Jeff Atwood on May 15, 2006 10:18 AMVery interesting post, as usual.
Once I was inspired by the article (don't remember who's) about role of management in development process as a support service. This post makes perfect sense in continuation of this theory - here is a very difficult job for the management: find and juggle with perfect balance of rules and free hunting for a very diverse development force. Too often (I would say always) I see that seniority is assigned at the hiring point as the org chart prescribes it.
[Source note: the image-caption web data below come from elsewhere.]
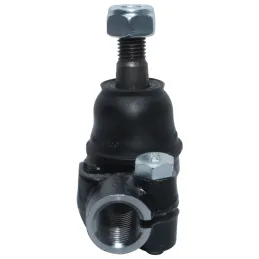 Terminal Direccion Daewoo Cielo Espero Lanos Racer G15MF C20LE A15SMS G15SF IZQ CTR CTR-Terminal Direccion Daewoo Cielo Espero L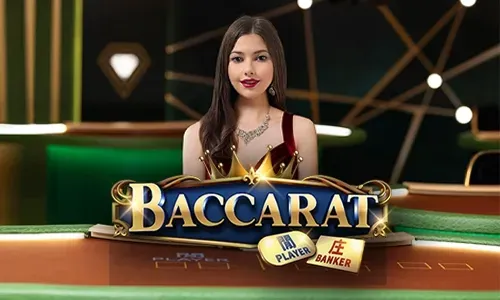Fast Payouts with GCash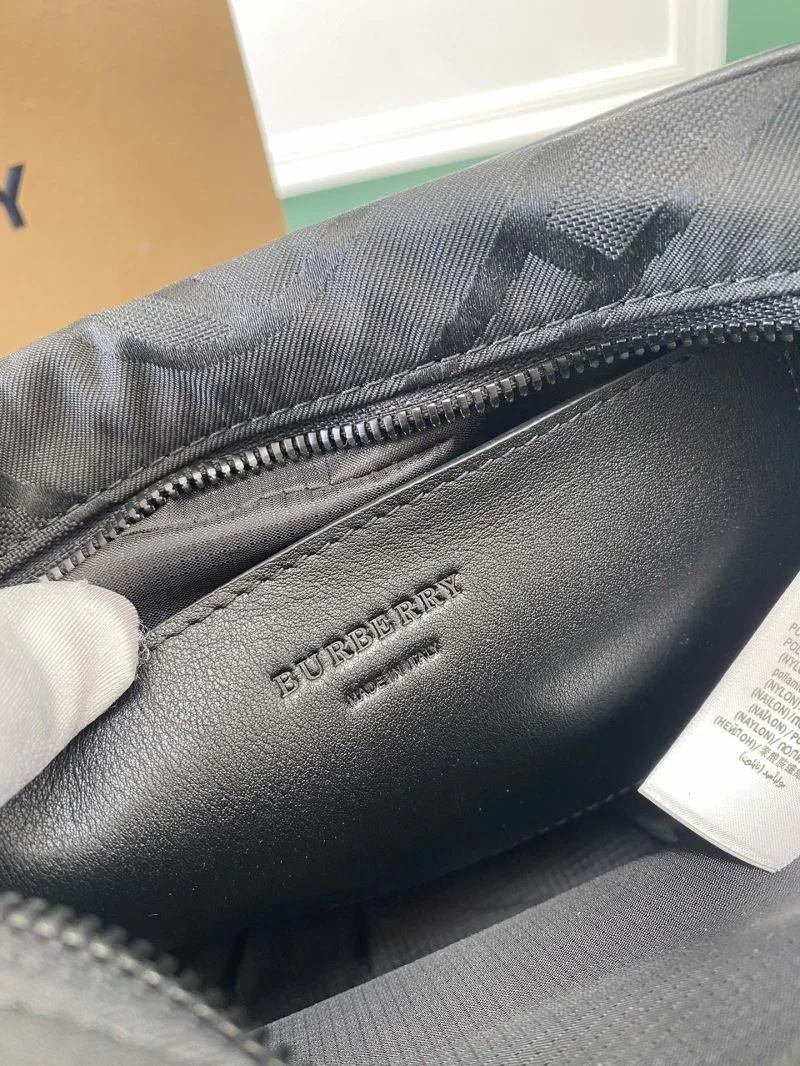 Burberry Satchel Bags DailyWear 51677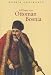 Books : A Glance into Ottoman Bosnia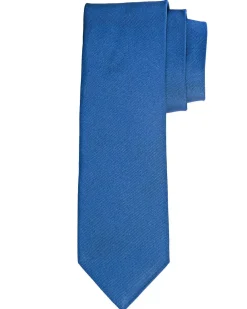 Profuomo Stropdas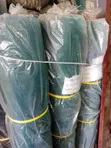 Shade Nets / Site Nets (50m) - 2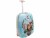 Bild 1 Undercover Reisetrolley Disney Frozen, Breite: 20 cm, Höhe: 33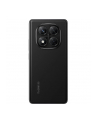 Smartfon Xiaomi Redmi Note 14 Pro 5G 8/256GB Midnight Black - nr 15
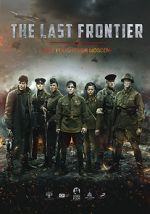 Watch The Last Frontier Movies123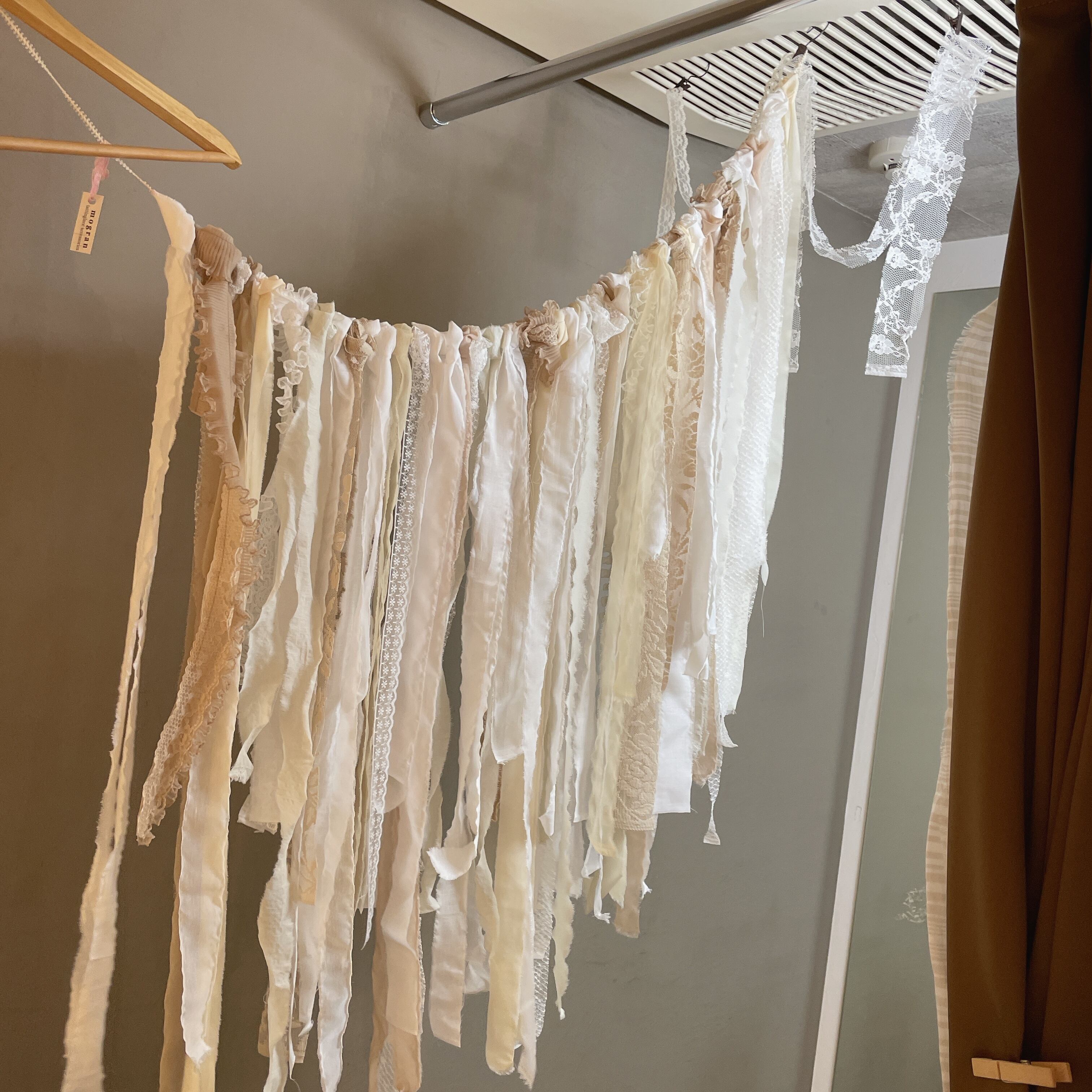 ○ comorebi様専用ご購入ページ○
Too bad if management thinks it’s job done at this point – the novices will not have their rule set to grow on good examles and seniors will be chocked away.
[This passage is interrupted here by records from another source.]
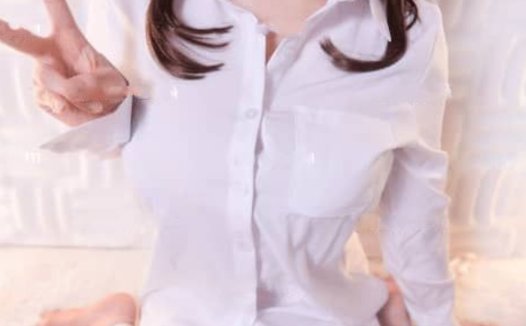 日南Fantia2024.04月收费资源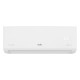 Блок внутренний Ballu ECO Smart DC BSYI-FM/in-09HN8_V1/EU инверторной мульти сплит-системы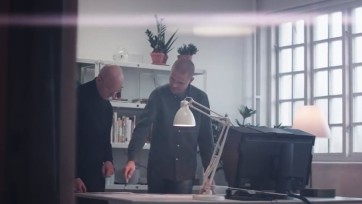 Ikea geeft storytelling-campagne 'Aandacht maakt alles mooier' vervolg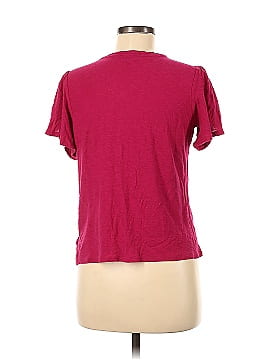 Express Short Sleeve T-Shirt (view 2)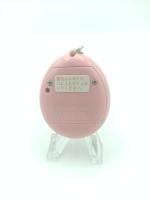 Tamagotchi Tamaotch / Tamao Nakamura pink Bandai Buy-Tamagotchis 4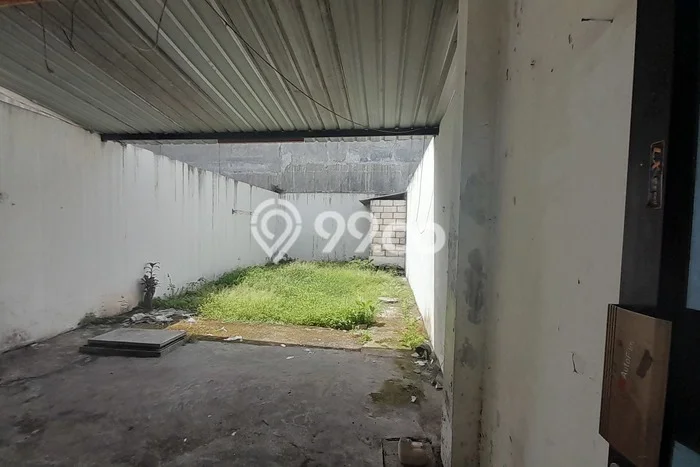 Ruko Bagus Dijual LB 280m2 Lokasi Strategis Surakarta Area Cocok untuk Bisnis Ruko Bagus Dijual LB 280m2 Lokasi Strategis Surakarta Area Cocok untuk Bisnis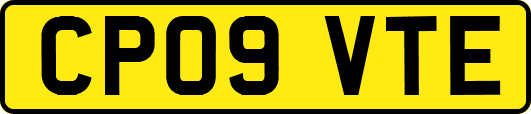 CP09VTE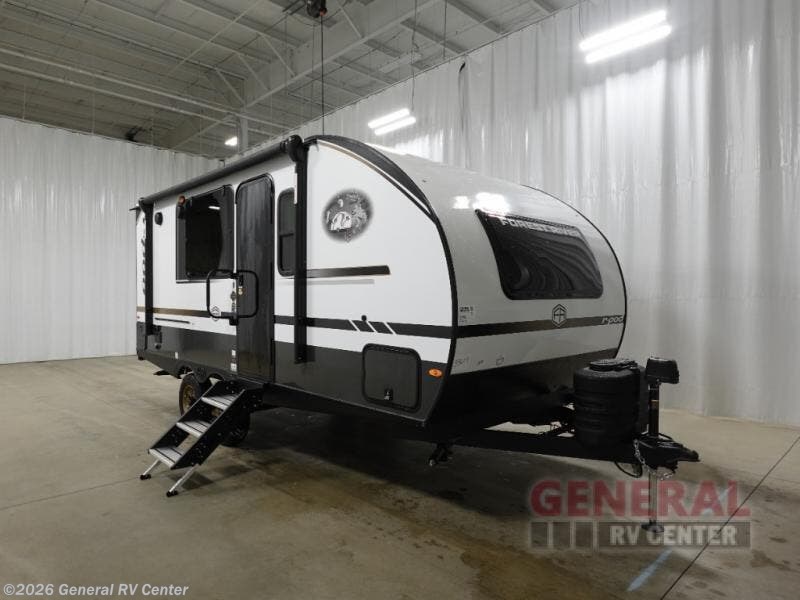 2025 Forest River R Pod RP-197 RV for Sale in Ocala, FL 34473 | 317563 ...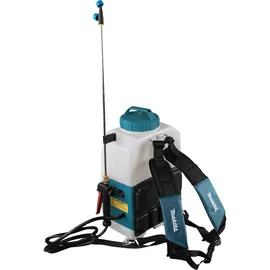 Makita DUS158Z Akku-Druckspritze 18V 15 l max. Druck 5 bar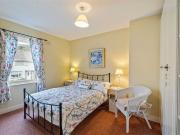 2 Abbey Court, Carlingford, Co. Louth Sherry FitzGerald...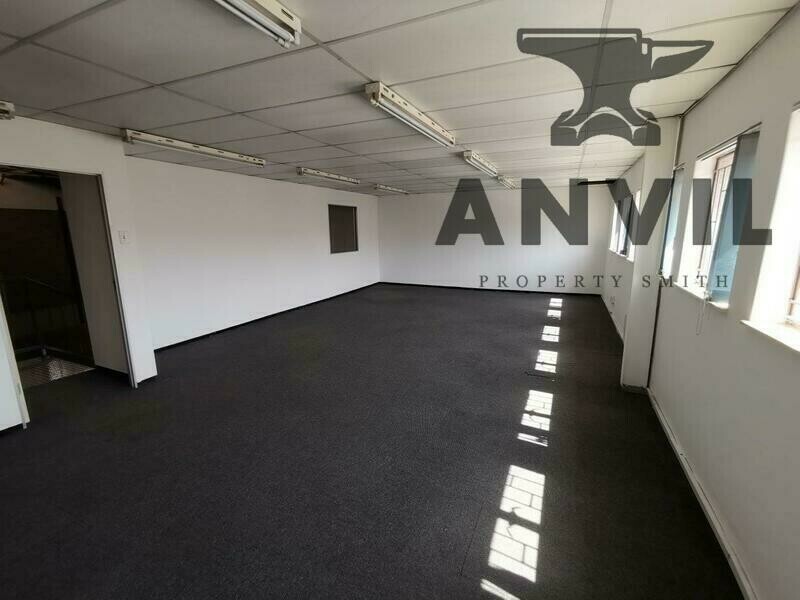 Route 24  - Unit 14 (Middle) property image 3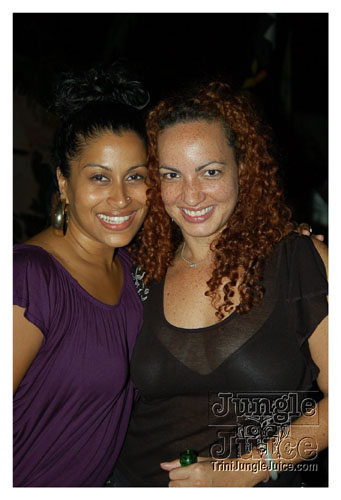 the_shade_jazz_apr26-013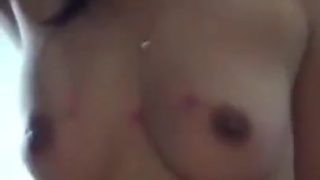 Tube porn awek tetek besar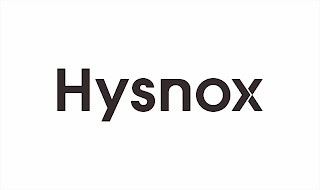 HYSNOX logo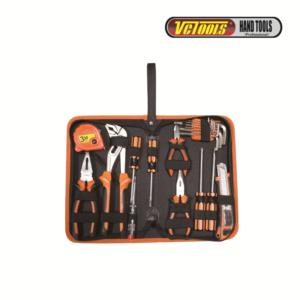 Import Combination tools kit from chinese wholesale supplier and manufacturer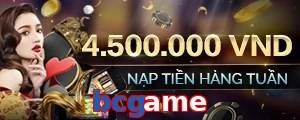bcgame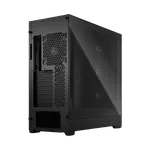Fractal Design Pop XL Silent Black TG Clear Tint - GT/Sans Alim/E-ATX — miniature 10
IMO, not having a CMMI or ISO 900 certification is not a good thing (the company I'm working for has none, but I'm not happy with this). IMO it only shows either the incapacity of an organization to formally describe and acknowledge how and what it is doing, or the lack of understanding of what advantages such a formal description brings with it - which IMO is the possibility to discover smart things and generalize them and discover bad things and elliminate them.
Also The Methodology is IMO also not a bad thing in itself. As long as The Methodology is a living body of rules, periodically revised and properly maintained, and into which's maintenance feedback from the actual process is used, I think a Methodology is a must, especially in larger teams. What's IMO wrong with The Methodology in most cases is that it's always something hard to swallow for the senior ppl which initially established The Methodology that on one hand they may have been wrong, and on the other hand that the world is changing. Since those are usually the ppl with authority, in most cases The Methodology fails to be useful at some point in time. But 99% of all organizations getting the maintenance of The Methodology wrong still doesn't mean that The Methodology in itself is a bad idea.
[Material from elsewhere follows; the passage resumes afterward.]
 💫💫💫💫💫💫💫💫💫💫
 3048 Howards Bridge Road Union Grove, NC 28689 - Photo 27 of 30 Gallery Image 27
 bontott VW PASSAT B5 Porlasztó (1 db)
flj on January 8, 2007 11:18 AMOther point here is that experts usually cannot work together. I think that this is because of their ego, so a humble expert is very rare combination. I believe that the ego developes within the grow process. That's why a lot of famous people who achived some mastery in some subject are so eccentric. When a person becomes an expert, he starts to dictate the rules since he thinks that only he is at this level and others are not so skillfull. And becuase they are "not so clever" (here is the ego - I'm much smarter then the others), they have to follow the rules to avoid the mistakes - otherwise the goal will not be acvhieved. In this way, others cannot grow and achive the mastery, since they are always protected to avoid the mistakes (when the real learning happens IMHO, at least for levels 1,2 and 3, for next levels, person learns mostly with observations).
Good metaphore is too protective parents - how they protect the children (not-expierenced) for life - in the end the children are weak because they never tried "to cope with big problems".
One of the chalanges is to develop a working social model where experts collaborate successfuly.
A very thought provoking article and comments there on.
Methodologies for methodologies sake would not deliver. A clear purpose of the methodologies must be established and a regular check on whether those methodologies are delivering must be made by the management and technical staff to be account to make the requisite changes to methodologies keep in continually delivering on the purpose.
In the least, the methodologies can establish a common vocabulary and a consistent understanding of terms used in the organisation and encourage consistent practices.